# Lua-UCA hacking

You need the full installation from
[Github](https://github.com/michal-h21/lua-uca) in order to do stuff described
in this section. Package distributed on CTAN doesn't contain all necessary
files.

## Install

The package needs to download Unicode collation data and convert it to a Lua
table. It depends on `wget` and `unzip` utilities. All files can be downloaded
using Make:

   make

To install the package in the local TEXMF tree, run:

   make install

## New language support

To add a new language, add new function to `src/lua-uca/lua-uca-languages.lua`
file. The function name should be short language code. Example function for
the Russian language:

   languages.ru = function(collator_obj)
     collator_obj:reorder{ "cyrillic" }
     return collator_obj
   end

The language function takes the Collator object as a parameter. Methods showed
in the *Change sorting rules* section can be used with this object.

The `data/common/collation/` directory in the source repository contains files from the `CLDR` project.
They contain rules for many languages. The files needs to be normalized to the
[NFC form](https://en.wikipedia.org/wiki/Unicode_equivalence), for example using:

   cat cs.xml | uconv -x any-nfc -o cs.xml

The `uconv` utility is a part of the [ICU Project](http://userguide.icu-project.org/).

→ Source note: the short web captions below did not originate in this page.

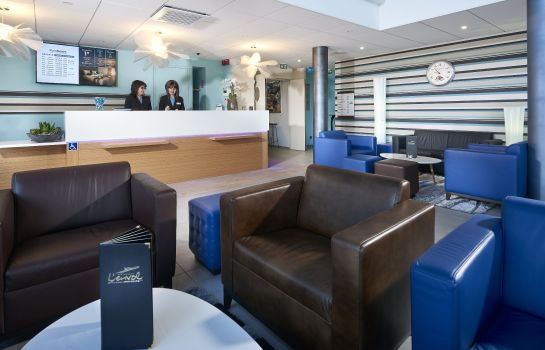 Brit Airport Club Hotel - Aéroport Bâle Mulhouse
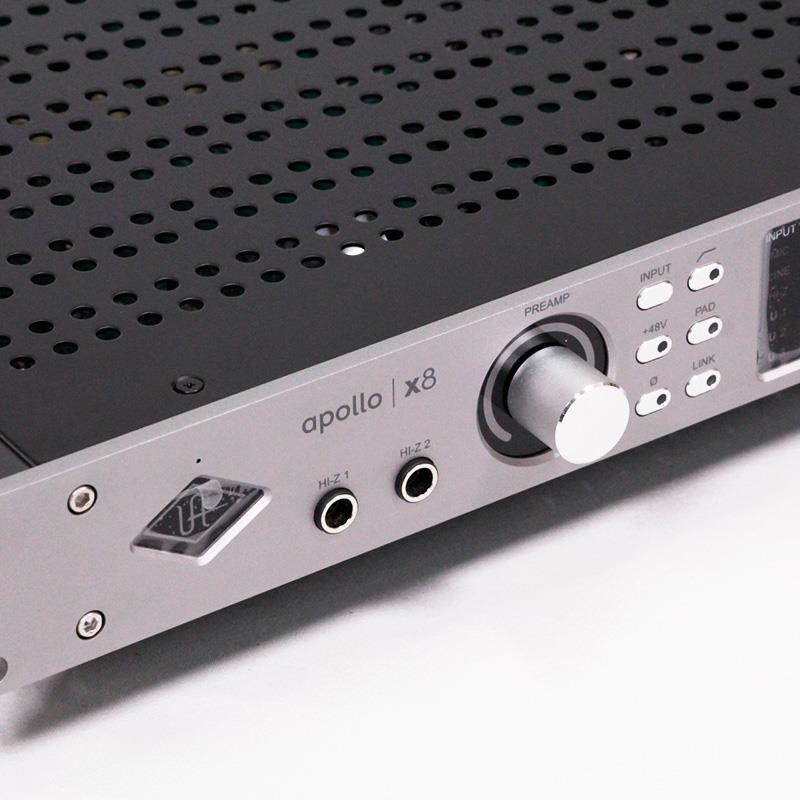 Universal Audio USED 中古 Apollo X8 Gen2 ESN (Thunderbolt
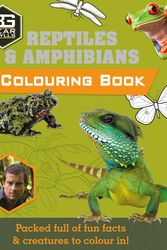 Cover Art for 9781786960023, Bear Grylls Colouring Books: Reptiles by Bear Grylls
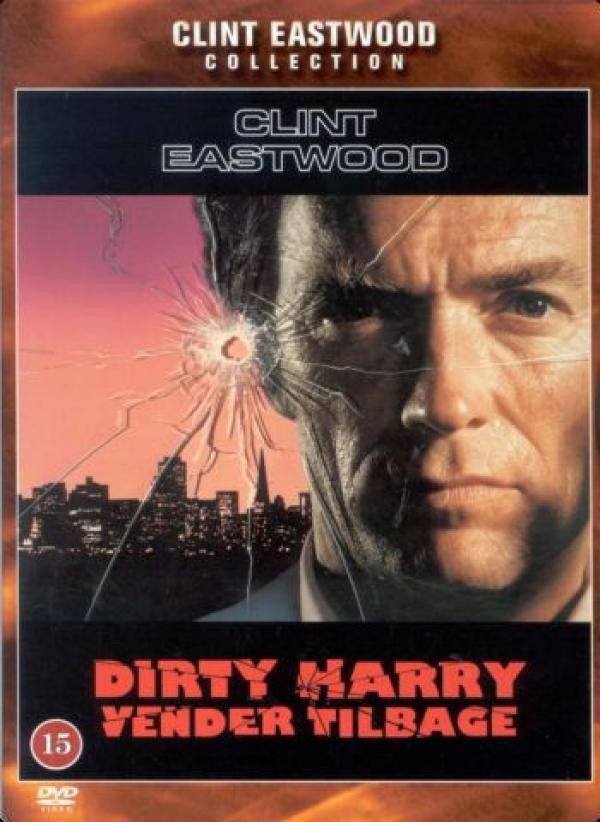 Køb Dirty Harry Vender Tilbage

Sorting rules for a language are placed in the `<collation>` element. Multiple
`<collation>` elements may be present in the XML file. It is usually best to chose the one with attribute
`type="standard"`.

The following example contains code from `da.xml`:


   [caseFirst upper]
   &D<<đ<<<Đ<<ð<<<Ð
   &th<<<þ
   &TH<<<Þ
   &Y<<ü<<<Ü<<ű<<<Ű
   &[before 1]ǀ<æ<<<Æ<<ä<<<Ä<ø<<<Ø<<ö<<<Ö<<ő<<<Ő<å<<<Å<<<aa<<<Aa<<<AA
   &oe<<œ<<<Œ

This is translated to Lua code in `lua-uca-languages.lua` in the following way:


   languages.da = function(collator_obj)
     -- helper function for more readable tailoring definition
     local tailoring = function(s) collator_obj:tailor_string(s) end
     collator_obj:uppercase_first()
     tailoring("&D<<đ<<<Đ<<ð<<<Ð")
     tailoring("&th<<<þ")
     tailoring("&TH<<<Þ")
     tailoring("&Y<<ü<<<Ü<<ű<<<Ű")
     tailoring("&ǀ<æ<<<Æ<<ä<<<Ä<ø<<<Ø<<ö<<<Ö<<ő<<<Ő<å<<<Å<<<aa<<<Aa<<<AA")
     tailoring("&oe<<œ<<<Œ")
     return collator_obj
   end




Pull requests with new language support are highly appreciated.

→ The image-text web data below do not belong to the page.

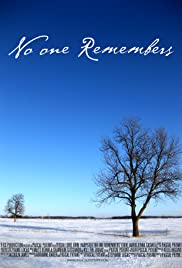 No One Remembers Colonna sonora (2010) copertina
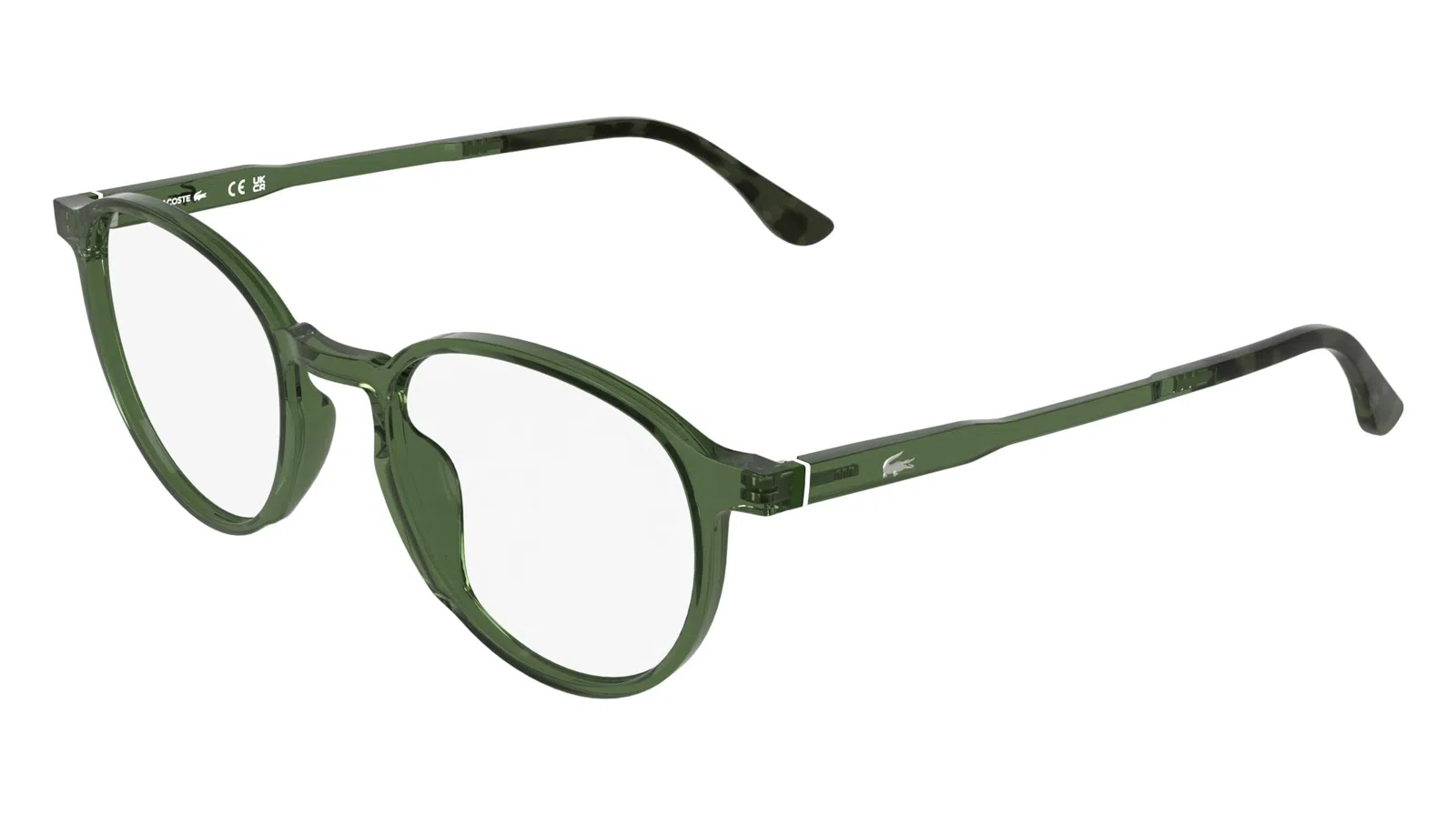 Lacoste L4027 Eyeglasses - view 2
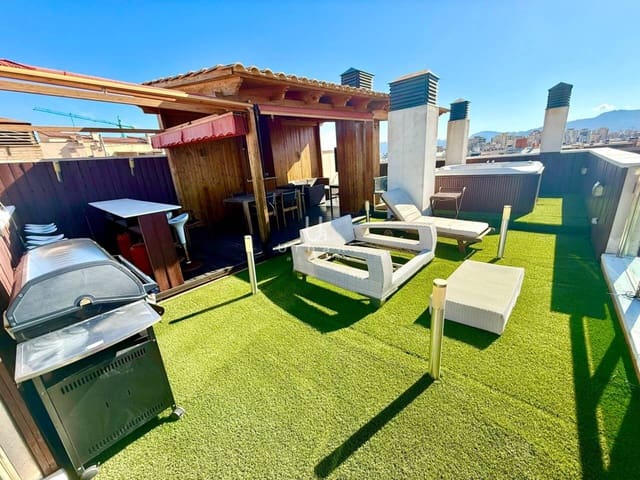 Ático de 3 habitaciones en Murcia ciudad en venta con garaje - 750.000 € (Ref: 10170405)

## Support files in the source distribution

The `xindex` directory contains some examples for configuration of `Xindex`, Lua based indexing system.
Run `make xindex` command to compile them.

`Xindex` has built-in support for Lua-UCA since version `0.23`, it can be requested using the `-u` option.

The `tools/indexing-sample.lua` file provides a simple indexing processor, independent of any other tool.

## Testing

You can run unit tests using the following command:

   make test

Testing requires [Busted](https://olivinelabs.com/busted/) testing framework installed on your system.
Tests are placed in the `spec` directory and they provide more examples of the package usage.